→ Task to complete
Start at the line with "Outsunny brown translucent" in the records below, stop at the line with "Imagem com fundo", and return every line in that span exactly, the two end lines included.

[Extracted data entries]
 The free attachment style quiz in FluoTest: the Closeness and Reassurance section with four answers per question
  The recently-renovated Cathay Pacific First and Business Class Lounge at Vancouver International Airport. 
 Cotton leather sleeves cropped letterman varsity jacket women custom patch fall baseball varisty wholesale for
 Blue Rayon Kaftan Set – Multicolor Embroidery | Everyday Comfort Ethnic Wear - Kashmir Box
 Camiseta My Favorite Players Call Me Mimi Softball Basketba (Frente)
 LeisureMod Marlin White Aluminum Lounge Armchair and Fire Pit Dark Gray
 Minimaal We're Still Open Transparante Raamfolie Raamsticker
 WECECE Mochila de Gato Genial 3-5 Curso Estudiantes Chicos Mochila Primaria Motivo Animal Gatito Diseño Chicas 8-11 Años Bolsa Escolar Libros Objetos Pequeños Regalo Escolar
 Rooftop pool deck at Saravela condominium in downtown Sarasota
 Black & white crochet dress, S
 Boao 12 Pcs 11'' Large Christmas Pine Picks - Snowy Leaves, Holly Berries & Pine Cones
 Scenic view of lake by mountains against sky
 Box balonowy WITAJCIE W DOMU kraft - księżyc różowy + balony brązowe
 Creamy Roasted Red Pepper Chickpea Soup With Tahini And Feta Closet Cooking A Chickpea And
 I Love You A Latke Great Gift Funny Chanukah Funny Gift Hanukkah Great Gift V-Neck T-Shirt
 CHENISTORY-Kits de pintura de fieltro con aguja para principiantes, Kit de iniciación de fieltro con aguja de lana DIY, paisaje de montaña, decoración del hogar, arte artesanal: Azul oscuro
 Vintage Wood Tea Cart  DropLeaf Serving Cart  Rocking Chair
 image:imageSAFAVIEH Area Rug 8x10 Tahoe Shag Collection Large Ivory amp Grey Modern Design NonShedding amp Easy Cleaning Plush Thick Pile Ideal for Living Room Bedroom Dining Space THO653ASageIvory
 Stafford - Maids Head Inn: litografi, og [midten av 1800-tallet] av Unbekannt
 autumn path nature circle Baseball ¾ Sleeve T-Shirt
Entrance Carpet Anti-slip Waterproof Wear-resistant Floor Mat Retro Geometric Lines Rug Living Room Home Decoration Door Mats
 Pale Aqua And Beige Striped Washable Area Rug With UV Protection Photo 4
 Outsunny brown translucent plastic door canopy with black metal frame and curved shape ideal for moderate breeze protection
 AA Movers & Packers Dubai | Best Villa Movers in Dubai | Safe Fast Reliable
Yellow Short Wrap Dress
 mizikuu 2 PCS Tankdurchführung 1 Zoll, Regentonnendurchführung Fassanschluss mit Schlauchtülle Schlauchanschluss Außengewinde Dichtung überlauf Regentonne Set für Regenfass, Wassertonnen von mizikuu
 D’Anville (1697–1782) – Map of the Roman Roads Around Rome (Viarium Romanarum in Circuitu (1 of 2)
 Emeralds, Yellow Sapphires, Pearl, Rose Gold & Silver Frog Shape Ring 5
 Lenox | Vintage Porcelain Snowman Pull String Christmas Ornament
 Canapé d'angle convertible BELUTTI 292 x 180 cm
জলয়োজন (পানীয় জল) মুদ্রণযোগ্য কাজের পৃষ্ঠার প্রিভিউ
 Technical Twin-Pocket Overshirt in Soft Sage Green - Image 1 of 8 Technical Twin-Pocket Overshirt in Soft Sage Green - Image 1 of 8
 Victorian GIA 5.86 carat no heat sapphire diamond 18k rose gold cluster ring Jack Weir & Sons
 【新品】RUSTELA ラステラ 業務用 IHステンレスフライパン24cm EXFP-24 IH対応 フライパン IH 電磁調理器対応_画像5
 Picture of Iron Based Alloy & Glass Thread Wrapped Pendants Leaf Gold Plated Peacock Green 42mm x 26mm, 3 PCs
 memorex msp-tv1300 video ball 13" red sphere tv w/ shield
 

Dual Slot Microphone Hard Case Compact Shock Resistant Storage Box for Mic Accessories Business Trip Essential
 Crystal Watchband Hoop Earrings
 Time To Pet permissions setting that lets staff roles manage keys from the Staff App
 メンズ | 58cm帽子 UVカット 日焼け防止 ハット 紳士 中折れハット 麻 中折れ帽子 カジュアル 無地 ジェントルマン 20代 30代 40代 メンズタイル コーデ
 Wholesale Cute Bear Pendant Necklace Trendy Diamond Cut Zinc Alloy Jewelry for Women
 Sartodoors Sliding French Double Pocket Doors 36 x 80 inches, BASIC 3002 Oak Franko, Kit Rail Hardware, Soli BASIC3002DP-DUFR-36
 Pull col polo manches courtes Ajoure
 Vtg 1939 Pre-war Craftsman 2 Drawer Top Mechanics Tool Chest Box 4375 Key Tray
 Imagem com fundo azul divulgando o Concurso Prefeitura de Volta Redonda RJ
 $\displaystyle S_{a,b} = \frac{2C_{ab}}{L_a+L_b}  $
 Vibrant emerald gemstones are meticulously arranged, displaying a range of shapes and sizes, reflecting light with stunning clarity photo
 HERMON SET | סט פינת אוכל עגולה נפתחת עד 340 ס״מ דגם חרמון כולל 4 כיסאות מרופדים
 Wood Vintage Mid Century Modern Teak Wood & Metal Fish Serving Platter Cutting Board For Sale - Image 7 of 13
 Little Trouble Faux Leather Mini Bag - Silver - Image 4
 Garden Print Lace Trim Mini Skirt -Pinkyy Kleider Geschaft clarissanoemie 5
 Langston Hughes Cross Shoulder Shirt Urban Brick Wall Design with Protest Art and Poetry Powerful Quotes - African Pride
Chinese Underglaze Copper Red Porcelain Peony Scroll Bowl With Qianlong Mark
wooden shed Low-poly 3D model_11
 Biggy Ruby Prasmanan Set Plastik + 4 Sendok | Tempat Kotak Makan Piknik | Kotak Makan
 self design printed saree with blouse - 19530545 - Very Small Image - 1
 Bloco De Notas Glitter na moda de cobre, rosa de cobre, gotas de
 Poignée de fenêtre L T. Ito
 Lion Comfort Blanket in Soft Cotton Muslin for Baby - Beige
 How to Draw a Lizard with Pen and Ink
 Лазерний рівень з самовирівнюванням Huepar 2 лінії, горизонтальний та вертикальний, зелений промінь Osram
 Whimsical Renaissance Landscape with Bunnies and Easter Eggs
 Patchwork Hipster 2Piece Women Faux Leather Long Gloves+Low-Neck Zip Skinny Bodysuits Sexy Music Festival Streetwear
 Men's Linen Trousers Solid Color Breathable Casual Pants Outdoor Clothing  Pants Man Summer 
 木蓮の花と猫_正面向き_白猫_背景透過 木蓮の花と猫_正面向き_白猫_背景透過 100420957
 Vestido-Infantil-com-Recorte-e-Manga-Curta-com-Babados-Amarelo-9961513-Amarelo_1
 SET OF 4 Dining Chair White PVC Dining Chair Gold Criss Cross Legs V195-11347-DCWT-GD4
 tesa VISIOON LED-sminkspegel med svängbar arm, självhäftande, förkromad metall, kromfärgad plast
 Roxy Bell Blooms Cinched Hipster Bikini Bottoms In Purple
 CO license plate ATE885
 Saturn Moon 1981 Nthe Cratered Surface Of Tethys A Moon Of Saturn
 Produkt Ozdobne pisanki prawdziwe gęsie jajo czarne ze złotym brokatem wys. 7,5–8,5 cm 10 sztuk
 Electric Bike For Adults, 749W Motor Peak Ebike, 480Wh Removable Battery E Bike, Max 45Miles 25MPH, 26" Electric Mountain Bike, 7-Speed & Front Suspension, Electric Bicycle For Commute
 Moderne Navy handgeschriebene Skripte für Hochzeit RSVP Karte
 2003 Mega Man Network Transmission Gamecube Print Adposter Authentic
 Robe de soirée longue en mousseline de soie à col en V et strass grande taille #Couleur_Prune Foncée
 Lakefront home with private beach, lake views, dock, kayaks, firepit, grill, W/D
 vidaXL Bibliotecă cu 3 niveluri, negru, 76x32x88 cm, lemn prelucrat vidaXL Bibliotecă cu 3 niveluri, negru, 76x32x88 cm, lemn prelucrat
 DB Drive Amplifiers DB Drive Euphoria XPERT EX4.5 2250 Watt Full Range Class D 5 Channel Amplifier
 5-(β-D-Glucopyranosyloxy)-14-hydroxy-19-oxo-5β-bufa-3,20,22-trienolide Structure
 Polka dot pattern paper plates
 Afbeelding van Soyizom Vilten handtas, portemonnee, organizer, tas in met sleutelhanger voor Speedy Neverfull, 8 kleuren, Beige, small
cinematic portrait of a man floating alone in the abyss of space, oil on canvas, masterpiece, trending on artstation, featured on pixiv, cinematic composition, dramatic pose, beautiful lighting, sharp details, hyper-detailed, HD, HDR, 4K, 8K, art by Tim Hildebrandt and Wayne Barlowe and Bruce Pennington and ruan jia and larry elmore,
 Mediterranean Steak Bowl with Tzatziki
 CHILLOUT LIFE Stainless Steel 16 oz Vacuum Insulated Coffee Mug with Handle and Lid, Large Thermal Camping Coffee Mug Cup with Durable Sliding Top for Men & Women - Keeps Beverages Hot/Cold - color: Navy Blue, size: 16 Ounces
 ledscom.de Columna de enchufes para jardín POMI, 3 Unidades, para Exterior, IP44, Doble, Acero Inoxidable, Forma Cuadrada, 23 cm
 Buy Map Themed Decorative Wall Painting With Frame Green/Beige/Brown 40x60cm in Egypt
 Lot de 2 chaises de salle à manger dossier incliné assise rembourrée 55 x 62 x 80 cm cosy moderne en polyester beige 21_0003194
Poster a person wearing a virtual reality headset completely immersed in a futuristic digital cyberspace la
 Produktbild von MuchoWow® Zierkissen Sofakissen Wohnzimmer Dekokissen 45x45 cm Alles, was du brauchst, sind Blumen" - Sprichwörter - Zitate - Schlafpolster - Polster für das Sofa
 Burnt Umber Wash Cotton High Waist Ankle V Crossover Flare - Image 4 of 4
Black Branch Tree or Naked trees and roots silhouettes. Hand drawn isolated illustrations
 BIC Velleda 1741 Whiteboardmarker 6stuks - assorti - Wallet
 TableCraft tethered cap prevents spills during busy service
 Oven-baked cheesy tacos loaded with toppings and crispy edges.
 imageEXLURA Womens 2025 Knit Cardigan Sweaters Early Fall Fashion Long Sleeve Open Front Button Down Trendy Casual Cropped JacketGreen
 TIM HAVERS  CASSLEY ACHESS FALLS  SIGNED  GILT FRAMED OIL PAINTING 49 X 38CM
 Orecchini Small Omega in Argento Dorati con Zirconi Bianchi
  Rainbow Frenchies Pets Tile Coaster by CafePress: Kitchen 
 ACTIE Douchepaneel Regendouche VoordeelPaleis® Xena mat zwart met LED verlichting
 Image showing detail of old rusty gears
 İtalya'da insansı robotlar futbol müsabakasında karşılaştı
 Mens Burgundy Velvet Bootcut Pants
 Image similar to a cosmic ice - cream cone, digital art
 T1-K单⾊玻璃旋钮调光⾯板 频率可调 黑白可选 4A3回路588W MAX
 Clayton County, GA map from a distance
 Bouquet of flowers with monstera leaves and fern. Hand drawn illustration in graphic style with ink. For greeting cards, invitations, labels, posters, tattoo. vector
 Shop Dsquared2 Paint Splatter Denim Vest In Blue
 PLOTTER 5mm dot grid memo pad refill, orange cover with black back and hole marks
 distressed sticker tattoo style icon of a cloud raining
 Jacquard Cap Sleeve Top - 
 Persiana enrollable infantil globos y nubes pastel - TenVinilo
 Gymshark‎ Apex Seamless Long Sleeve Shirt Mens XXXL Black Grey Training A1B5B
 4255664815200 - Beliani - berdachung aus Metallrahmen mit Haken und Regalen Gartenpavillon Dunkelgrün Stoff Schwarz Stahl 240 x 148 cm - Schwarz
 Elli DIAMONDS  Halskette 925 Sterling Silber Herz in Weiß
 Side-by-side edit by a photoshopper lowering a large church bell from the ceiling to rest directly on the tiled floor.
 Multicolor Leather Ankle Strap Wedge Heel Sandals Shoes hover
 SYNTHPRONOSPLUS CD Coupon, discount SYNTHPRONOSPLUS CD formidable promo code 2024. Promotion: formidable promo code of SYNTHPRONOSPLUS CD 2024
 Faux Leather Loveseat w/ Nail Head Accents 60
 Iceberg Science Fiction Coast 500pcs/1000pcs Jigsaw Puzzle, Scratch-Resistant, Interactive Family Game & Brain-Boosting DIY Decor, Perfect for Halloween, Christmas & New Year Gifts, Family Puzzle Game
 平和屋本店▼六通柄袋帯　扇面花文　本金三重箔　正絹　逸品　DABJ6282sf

→ Task solution
 Outsunny brown translucent plastic door canopy with black metal frame and curved shape ideal for moderate breeze protection
 AA Movers & Packers Dubai | Best Villa Movers in Dubai | Safe Fast Reliable
Yellow Short Wrap Dress
 mizikuu 2 PCS Tankdurchführung 1 Zoll, Regentonnendurchführung Fassanschluss mit Schlauchtülle Schlauchanschluss Außengewinde Dichtung überlauf Regentonne Set für Regenfass, Wassertonnen von mizikuu
 D’Anville (1697–1782) – Map of the Roman Roads Around Rome (Viarium Romanarum in Circuitu (1 of 2)
 Emeralds, Yellow Sapphires, Pearl, Rose Gold & Silver Frog Shape Ring 5
 Lenox | Vintage Porcelain Snowman Pull String Christmas Ornament
 Canapé d'angle convertible BELUTTI 292 x 180 cm
জলয়োজন (পানীয় জল) মুদ্রণযোগ্য কাজের পৃষ্ঠার প্রিভিউ
 Technical Twin-Pocket Overshirt in Soft Sage Green - Image 1 of 8 Technical Twin-Pocket Overshirt in Soft Sage Green - Image 1 of 8
 Victorian GIA 5.86 carat no heat sapphire diamond 18k rose gold cluster ring Jack Weir & Sons
 【新品】RUSTELA ラステラ 業務用 IHステンレスフライパン24cm EXFP-24 IH対応 フライパン IH 電磁調理器対応_画像5
 Picture of Iron Based Alloy & Glass Thread Wrapped Pendants Leaf Gold Plated Peacock Green 42mm x 26mm, 3 PCs
 memorex msp-tv1300 video ball 13" red sphere tv w/ shield
 

Dual Slot Microphone Hard Case Compact Shock Resistant Storage Box for Mic Accessories Business Trip Essential
 Crystal Watchband Hoop Earrings
 Time To Pet permissions setting that lets staff roles manage keys from the Staff App
 メンズ | 58cm帽子 UVカット 日焼け防止 ハット 紳士 中折れハット 麻 中折れ帽子 カジュアル 無地 ジェントルマン 20代 30代 40代 メンズタイル コーデ
 Wholesale Cute Bear Pendant Necklace Trendy Diamond Cut Zinc Alloy Jewelry for Women
 Sartodoors Sliding French Double Pocket Doors 36 x 80 inches, BASIC 3002 Oak Franko, Kit Rail Hardware, Soli BASIC3002DP-DUFR-36
 Pull col polo manches courtes Ajoure
 Vtg 1939 Pre-war Craftsman 2 Drawer Top Mechanics Tool Chest Box 4375 Key Tray
 Imagem com fundo azul divulgando o Concurso Prefeitura de Volta Redonda RJ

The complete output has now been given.